A key assumption in the confirmation of our modelling results is that the proprioceptive organizational principles captured by our topo-VAE model from the kinematics of human movement would extend to monkeys, given their musculoskeletal similarity. Crucially, we are able to reproduce the coding properties of the neural recordings without a detailed biomechanical model, and with only a few computational principles, but only when training with natural behaviour joint kinematics in three dimensions (Fig 5.B,I). Planar centre-out kinematics were not adequate, even to represent those same centre-out movements. Our results are thus in line with other work showing that characterising neural activity in the context of natural behaviour may produce rich and unexpected results (Haar, van Assel, and Faisal 2020). This observation may be of great importance for the majority of proprioceptive and motor neurophysiology experiments that have been conducted in highly constrained lab settings, settings that may not contain adequate ethologically relevant kinematic statistics to uncover the true coding of cortical neurons. Undertaking electrophysiological experiments with a broader repertoire of movements may affect proprioceptive neuroscience as much as the adoption of natural images did for understanding vision.

## Methods

### Human Behaviour Scenarios and Natural Movement Data

We recorded full-body movements from 18 healthy right-handed participants in two experimental scenarios. In the natural behaviour scenario (see Fig. 1.B & Supplemental Fig. 1), subjects performed unconstrained daily tasks in a working kitchen environment. As food preparation and feeding are universal behaviours, the only direction given to subjects was to prepare and eat an omelette. For this modelling work we used only the arm movement data (including wrist but not digits). The average recording time across subjects was 22 minutes. In the second movement scenario, a subject performed planar centre-out reaches in a 20×20 cm horizontal task space (see Fig. 1.C) to mimic the movement data for the monkey task. The horizontal task space was aligned 20 cm below the subject’s shoulder and centred on the mid-line at 30 cm forward of the chest.

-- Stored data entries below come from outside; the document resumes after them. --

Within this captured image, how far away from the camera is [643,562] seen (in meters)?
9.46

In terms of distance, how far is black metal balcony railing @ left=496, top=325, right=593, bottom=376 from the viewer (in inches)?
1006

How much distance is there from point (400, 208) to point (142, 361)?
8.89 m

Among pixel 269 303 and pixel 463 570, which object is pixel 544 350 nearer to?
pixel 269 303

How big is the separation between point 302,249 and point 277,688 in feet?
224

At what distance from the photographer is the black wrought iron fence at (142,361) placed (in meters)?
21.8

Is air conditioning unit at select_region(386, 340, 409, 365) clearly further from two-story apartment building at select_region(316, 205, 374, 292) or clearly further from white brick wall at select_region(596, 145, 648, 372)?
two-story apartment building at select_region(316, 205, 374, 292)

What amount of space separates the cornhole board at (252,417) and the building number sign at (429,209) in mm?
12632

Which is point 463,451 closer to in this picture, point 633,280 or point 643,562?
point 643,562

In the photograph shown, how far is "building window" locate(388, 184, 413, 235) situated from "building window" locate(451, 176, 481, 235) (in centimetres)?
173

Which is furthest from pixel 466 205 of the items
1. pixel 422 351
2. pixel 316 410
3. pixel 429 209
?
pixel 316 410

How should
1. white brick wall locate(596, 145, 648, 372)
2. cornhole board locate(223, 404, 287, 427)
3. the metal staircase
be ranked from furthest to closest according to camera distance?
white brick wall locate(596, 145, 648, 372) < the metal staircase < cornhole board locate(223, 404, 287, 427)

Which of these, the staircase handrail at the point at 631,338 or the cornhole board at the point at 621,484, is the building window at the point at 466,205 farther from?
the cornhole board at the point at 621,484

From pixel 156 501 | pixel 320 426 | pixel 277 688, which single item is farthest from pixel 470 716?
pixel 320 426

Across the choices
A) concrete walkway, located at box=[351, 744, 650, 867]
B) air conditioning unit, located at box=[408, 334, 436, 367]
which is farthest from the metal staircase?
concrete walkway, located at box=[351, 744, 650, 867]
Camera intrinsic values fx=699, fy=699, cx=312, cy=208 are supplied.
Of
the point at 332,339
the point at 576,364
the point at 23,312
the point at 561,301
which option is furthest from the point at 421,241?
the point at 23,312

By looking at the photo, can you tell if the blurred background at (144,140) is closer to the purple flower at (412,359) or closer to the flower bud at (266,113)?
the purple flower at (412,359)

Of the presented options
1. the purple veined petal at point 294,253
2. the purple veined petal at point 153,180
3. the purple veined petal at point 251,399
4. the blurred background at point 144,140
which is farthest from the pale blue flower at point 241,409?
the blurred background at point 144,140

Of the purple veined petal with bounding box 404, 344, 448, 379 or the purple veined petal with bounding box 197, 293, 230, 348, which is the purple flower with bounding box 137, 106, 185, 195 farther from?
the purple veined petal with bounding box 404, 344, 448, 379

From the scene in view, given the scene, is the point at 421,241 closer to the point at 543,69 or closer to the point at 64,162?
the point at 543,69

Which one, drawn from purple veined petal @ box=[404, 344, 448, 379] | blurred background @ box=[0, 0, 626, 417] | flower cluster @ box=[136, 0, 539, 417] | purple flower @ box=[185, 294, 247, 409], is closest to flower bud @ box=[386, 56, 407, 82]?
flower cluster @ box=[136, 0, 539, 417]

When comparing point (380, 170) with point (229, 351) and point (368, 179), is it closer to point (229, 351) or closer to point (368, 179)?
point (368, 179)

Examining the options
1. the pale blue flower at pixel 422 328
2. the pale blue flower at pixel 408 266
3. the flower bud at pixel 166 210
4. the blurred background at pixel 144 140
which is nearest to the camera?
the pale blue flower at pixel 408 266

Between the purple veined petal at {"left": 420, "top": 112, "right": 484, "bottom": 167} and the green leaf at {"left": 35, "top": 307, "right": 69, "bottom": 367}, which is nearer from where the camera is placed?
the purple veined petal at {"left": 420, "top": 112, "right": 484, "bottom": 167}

Arm movements in both scenarios were recorded at 60 Hz by an XSENS 3D motion tracking suit, a full-body sensor network based on inertial sensors. We used biomechanical models and fusion algorithms (including calibration and validation) to estimate joint angles. Fig. 1.A shows the biomechanical structure and coordinate system used in this paper. Arm movement datasets were formatted as time series of angles between segments following the International Society of Biomechanics (ISB) Euler angle extractions (G. Wu et al. 2005) in a ZXY coordinate. For the elbow and the wrist, angular rotations of Z, X and Y represent flexion/extension, abduction/adduction and internal/external rotation, respectively, since the biomechanics of the human body cannot be fully described by a rotation around a single axis and must instead be described with respect to 3 rotational axes. During planar movements, we used optical tracking as well as the motion tracking suit for capturing the end-point (hand) position on the task square. Data from the inertial and optical motion tracking systems were synchronised manually via cue-based movements before, during and after the recording period.

### Variational Autoencoder with Topographic Latent Space

In the following we lay out the rationale for building our model and the model itself, the various forms of data we collected for model training and validation, and the validation methodology.

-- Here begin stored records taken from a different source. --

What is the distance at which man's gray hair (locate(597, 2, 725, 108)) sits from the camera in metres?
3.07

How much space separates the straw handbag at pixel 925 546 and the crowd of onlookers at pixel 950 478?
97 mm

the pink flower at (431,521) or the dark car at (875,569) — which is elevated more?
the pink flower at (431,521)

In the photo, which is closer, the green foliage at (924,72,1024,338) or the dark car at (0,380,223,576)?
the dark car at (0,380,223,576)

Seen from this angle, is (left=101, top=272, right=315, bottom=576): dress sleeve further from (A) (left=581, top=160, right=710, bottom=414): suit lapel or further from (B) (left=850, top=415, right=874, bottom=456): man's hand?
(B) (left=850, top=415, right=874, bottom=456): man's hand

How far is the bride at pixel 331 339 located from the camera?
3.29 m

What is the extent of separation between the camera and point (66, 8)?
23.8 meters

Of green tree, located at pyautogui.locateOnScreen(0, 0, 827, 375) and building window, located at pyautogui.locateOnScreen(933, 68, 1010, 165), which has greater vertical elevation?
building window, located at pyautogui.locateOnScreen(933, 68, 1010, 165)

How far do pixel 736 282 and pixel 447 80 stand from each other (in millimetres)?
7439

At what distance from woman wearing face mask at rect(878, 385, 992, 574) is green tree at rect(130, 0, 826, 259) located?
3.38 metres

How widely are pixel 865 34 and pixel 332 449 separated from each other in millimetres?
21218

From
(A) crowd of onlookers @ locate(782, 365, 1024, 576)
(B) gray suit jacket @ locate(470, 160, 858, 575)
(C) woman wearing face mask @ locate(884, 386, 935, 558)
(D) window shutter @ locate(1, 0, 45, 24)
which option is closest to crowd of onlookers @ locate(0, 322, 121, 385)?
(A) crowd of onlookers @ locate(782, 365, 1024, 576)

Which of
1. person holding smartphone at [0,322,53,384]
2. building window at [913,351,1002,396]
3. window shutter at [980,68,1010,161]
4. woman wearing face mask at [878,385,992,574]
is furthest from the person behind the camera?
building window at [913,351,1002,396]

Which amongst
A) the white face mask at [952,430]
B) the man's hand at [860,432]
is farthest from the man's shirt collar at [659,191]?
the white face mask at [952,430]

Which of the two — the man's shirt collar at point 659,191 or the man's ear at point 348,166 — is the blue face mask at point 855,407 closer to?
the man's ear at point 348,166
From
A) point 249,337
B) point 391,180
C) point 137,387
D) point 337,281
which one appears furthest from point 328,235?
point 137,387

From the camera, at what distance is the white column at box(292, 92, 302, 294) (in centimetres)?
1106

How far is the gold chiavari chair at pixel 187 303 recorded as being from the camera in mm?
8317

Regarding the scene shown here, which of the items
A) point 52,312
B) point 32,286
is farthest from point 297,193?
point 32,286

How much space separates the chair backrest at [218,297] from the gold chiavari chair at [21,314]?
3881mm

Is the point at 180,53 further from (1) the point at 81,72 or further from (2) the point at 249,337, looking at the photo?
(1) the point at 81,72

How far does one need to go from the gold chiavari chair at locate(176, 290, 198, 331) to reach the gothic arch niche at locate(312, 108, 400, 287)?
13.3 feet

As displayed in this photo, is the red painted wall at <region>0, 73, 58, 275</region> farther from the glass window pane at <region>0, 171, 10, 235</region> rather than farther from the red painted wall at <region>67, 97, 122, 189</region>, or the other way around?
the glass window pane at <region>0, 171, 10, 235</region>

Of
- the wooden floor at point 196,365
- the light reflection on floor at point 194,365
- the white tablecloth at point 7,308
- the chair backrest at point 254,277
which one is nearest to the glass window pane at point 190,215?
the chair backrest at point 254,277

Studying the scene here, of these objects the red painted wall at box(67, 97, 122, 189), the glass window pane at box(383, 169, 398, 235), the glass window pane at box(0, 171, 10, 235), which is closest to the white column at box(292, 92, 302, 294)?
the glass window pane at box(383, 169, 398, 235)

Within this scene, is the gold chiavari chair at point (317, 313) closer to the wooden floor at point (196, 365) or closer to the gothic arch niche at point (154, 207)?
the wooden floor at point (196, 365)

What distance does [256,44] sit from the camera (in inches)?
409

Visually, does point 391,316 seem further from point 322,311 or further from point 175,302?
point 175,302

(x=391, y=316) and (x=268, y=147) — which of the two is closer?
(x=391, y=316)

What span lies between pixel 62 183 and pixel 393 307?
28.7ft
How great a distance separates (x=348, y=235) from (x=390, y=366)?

The topo-VAE model (cf. Fig. 1.D-G) uses the autoencoder framework to model sensory representations. Autoencoders are a type of artificial neural network used to learn efficient encodings of unlabelled data (Hinton and Salakhutdinov 2006). The neuroscientific mechanism is referred to as the Infomax principle, i.e. unsupervised learning to discover structure in the sensory data by maximising the match between the inputs (in our case, the somatosensory world) and their neural representation (Linsker 1988; Barlow 1961). We choose specifically a variational autoencoder (Kingma and Welling 2014) because we want the latent cortical layer to be able to capture the stochasticity and variability inherent to neural representations (Orbán et al. 2016). We modelled the latent neurons as Bernoulli processes using the Gumbel-max trick (Gumbel 1954) where neuron firing is sampled from a categorial distribution of {0,1}. This forces the model to learn an encoding based on spike counts, which for a fixed-value input will approximate the Poisson distributed statistics of biological neurons. This allowed us to use the same data analysis pipeline as for our recorded neural data. However, this simple VAE model would be devoid of any spatial relationships between the neurons. Therefore, we added a simple organisational mechanism that would link learning between neighbouring latent neurons, effectively implementing cortical lateral connectivity with short range excitation and longer-range inhibition. Thus, our enhanced VAE learns both receptive field tuning properties (in an unsupervised manner through deep feature learning) and establishes a topographic relationship between neurons.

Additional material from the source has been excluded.